Hulinshan excavation site and a big-mouth zun (大口尊), found (source: Zhangzhou City Library)

New Insights

The discovery of Fubin Culture bronze artefacts at Hulinshan and Dayingzhaishan confirmed that coastal Southeast China (compromising Teochew and Fujian) had entered the Bronze Age at slightly later, if not around the same time, as Shang.

Significantly, the bronze ge recovered from Hulinshan and Dayingzhaishan have been observed to be nearly identical with the Dingdapushan specimen. They all have straight tang and no vertical blade, which is a style imprinted in many Fubin Culture’s stone ge, but not seen anywhere else in China.

Comparison of styles of ge found in Central Plain, Changsha and Zhangzhou (L-R columns). No. 17 represents the Hulinshan ge (source: 豆海锋:从出土遗物看商时期南方与中原的文化互动)

The implication is that Fubin Culture might have indigenously advanced its own ge technology, even though knowledge in bronze metallurgy was probably received from a contemporaneous nearby full-blown bronze civilisation. The Wucheng Culture in Jiangxi (which has a shared border with Teochew and Fujian) has identified as a likely, while the Dong Son Culture in North Vietnam could be another.

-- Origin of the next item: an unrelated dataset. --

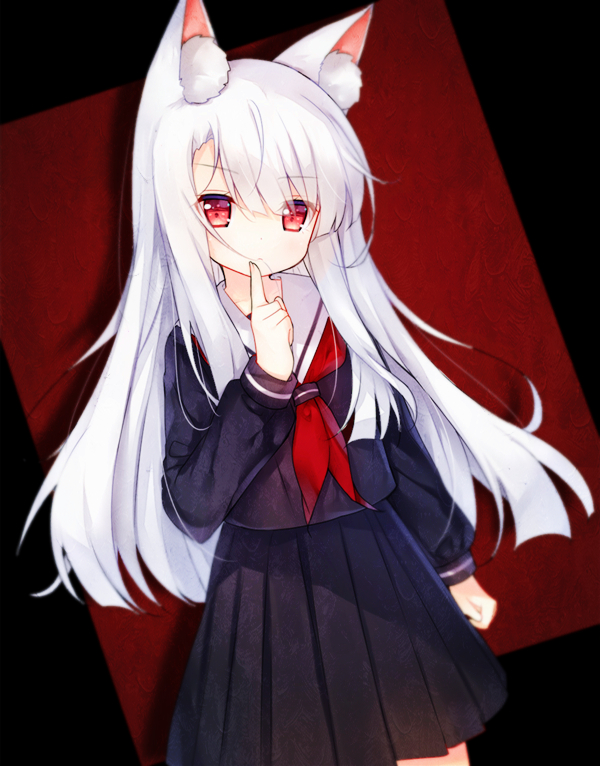 animal_ears, azur_lane, bangs, black_serafuku, black_shirt, black_skirt, blush, closed_mouth
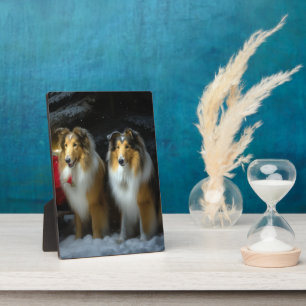 Ruw Collie Snowy Sleigh Kerstmisdecor Fotoplaat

Through careful scrutiny, it may also be observed that the Fubin Culture yazhang have substantial differences from yazhang found in the Central Plain and elsewhere.

Comparison of styles of yazhang found in Central Plain, Changsha and Guangdong/Fujian (L-R columns). No. 13, no. 17 and no.18 are the Hulinshan and two Gekyor  yazhang respectively (source: 豆海锋:从出土遗物看商时期南方与中原的文化互动)

All these turned on its head, the theory that the Teochew region was an isolated and sparsely populated backwater before supposed mass migrations from the Central Plain towards the end of the Song dynasty (960–1279).

At the same time, it should not be lost that the geographical limits of the Fubin Culture from some 3,000 years ago conforms neatly with the territory of native speakers of Teochew and Hokkien –  two closely-related vernaculars, if not two branches of a same.